What you will do:
In the data that follows, find the line with "Hyundai Sonata: 2018"; transcribe it, every later line up to the one with "מודעת רכב יונדאי i20", and that line as well, exactly and with no others.

Items from a data source:
..............................

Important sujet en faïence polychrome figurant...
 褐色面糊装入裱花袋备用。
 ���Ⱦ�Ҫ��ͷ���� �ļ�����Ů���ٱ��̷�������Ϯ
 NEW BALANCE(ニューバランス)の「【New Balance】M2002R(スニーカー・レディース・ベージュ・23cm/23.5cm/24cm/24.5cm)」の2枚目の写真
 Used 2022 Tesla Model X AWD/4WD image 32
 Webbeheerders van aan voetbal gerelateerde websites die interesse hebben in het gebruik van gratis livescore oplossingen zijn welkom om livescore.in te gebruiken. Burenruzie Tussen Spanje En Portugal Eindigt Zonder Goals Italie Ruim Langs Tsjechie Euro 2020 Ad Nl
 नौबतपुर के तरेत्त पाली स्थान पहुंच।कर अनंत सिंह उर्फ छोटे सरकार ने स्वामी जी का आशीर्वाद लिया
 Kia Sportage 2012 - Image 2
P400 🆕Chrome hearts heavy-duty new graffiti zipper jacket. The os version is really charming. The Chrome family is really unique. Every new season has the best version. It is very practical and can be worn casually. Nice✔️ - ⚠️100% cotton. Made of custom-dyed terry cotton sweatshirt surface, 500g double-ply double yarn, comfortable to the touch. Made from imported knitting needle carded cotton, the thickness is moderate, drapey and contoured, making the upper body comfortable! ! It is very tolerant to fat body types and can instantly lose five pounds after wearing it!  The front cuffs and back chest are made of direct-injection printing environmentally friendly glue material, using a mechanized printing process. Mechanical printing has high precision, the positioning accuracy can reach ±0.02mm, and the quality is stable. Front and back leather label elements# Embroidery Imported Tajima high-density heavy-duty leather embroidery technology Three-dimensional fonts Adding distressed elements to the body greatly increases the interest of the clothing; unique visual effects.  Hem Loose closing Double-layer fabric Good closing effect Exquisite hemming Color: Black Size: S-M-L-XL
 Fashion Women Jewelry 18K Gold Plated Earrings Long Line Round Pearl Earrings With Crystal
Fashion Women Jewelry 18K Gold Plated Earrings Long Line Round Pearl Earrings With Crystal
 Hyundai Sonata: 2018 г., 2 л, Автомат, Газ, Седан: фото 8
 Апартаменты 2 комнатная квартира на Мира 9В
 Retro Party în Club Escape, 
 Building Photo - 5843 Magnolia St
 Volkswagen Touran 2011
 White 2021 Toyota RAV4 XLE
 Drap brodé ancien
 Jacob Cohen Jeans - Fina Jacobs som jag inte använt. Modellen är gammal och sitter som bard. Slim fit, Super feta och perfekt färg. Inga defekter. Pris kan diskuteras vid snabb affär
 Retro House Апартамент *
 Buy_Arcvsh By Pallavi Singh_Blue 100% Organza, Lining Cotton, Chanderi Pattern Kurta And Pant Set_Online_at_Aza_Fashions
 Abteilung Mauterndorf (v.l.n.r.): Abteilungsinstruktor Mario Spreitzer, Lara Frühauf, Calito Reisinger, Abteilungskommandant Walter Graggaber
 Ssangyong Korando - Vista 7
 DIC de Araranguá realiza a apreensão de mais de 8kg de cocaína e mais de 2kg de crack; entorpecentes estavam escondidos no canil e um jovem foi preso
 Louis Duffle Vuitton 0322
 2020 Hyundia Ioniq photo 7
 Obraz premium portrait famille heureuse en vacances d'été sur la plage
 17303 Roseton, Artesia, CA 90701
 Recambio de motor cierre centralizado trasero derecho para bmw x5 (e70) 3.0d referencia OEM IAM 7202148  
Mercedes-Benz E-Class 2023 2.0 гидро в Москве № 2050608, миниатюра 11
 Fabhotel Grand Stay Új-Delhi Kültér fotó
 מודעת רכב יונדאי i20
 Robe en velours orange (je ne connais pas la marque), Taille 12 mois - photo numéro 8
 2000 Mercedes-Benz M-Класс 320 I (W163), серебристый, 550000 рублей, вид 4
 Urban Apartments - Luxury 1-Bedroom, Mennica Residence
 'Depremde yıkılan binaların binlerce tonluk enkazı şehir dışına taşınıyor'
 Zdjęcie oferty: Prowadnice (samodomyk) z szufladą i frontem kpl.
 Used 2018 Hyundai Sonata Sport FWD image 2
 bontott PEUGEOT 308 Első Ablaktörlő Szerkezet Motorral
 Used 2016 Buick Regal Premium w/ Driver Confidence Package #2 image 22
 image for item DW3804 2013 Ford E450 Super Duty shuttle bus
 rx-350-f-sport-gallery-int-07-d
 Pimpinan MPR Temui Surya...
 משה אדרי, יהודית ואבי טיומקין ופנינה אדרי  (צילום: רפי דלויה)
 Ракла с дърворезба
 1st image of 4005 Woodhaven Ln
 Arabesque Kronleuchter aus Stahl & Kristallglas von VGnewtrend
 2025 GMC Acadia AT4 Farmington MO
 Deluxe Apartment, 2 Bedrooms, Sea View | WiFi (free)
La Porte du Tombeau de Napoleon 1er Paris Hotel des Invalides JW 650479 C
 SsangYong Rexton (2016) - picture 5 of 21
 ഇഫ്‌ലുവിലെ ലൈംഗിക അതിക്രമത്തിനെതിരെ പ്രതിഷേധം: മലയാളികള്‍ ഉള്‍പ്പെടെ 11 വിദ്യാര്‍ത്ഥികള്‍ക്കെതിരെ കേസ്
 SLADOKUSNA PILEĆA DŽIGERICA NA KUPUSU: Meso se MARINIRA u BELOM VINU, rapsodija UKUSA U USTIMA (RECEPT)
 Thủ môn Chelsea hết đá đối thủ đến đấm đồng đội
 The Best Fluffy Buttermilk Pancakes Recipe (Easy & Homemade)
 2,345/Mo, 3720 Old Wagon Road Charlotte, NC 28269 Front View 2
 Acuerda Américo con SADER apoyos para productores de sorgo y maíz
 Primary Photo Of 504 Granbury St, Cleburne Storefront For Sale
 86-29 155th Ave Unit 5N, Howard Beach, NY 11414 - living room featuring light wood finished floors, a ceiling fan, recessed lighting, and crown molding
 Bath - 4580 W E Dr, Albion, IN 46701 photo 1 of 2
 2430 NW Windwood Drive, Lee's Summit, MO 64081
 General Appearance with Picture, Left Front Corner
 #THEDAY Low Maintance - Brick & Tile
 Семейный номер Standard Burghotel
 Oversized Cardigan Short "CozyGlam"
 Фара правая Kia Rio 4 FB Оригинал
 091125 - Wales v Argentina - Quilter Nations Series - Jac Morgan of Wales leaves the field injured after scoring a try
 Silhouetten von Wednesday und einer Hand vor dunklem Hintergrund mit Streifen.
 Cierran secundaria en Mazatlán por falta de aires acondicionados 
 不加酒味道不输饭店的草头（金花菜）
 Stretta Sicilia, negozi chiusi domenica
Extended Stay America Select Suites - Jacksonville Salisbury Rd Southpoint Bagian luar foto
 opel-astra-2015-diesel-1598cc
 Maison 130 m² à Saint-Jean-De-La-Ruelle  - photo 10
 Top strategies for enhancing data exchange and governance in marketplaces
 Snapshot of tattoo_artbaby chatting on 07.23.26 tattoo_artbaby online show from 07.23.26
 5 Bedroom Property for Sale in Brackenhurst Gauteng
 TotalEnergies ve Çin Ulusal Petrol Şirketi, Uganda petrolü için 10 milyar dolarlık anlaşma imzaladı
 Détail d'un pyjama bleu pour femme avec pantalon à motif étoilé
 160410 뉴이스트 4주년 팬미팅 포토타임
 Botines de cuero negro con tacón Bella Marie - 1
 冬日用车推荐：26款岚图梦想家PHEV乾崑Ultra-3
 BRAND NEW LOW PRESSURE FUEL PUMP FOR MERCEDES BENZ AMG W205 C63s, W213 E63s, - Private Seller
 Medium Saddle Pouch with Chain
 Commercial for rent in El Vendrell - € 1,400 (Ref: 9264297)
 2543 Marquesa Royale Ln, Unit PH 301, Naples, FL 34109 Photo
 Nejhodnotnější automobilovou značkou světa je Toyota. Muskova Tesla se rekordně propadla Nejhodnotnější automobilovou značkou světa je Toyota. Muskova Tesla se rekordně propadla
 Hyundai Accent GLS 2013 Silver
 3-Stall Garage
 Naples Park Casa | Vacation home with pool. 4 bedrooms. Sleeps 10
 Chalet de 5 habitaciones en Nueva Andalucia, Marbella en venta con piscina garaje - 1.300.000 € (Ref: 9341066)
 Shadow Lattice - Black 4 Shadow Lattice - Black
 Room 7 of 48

..............................

Your solution:
 Hyundai Sonata: 2018 г., 2 л, Автомат, Газ, Седан: фото 8
 Апартаменты 2 комнатная квартира на Мира 9В
 Retro Party în Club Escape, 
 Building Photo - 5843 Magnolia St
 Volkswagen Touran 2011
 White 2021 Toyota RAV4 XLE
 Drap brodé ancien
 Jacob Cohen Jeans - Fina Jacobs som jag inte använt. Modellen är gammal och sitter som bard. Slim fit, Super feta och perfekt färg. Inga defekter. Pris kan diskuteras vid snabb affär
 Retro House Апартамент *
 Buy_Arcvsh By Pallavi Singh_Blue 100% Organza, Lining Cotton, Chanderi Pattern Kurta And Pant Set_Online_at_Aza_Fashions
 Abteilung Mauterndorf (v.l.n.r.): Abteilungsinstruktor Mario Spreitzer, Lara Frühauf, Calito Reisinger, Abteilungskommandant Walter Graggaber
 Ssangyong Korando - Vista 7
 DIC de Araranguá realiza a apreensão de mais de 8kg de cocaína e mais de 2kg de crack; entorpecentes estavam escondidos no canil e um jovem foi preso
 Louis Duffle Vuitton 0322
 2020 Hyundia Ioniq photo 7
 Obraz premium portrait famille heureuse en vacances d'été sur la plage
 17303 Roseton, Artesia, CA 90701
 Recambio de motor cierre centralizado trasero derecho para bmw x5 (e70) 3.0d referencia OEM IAM 7202148  
Mercedes-Benz E-Class 2023 2.0 гидро в Москве № 2050608, миниатюра 11
 Fabhotel Grand Stay Új-Delhi Kültér fotó
 מודעת רכב יונדאי i20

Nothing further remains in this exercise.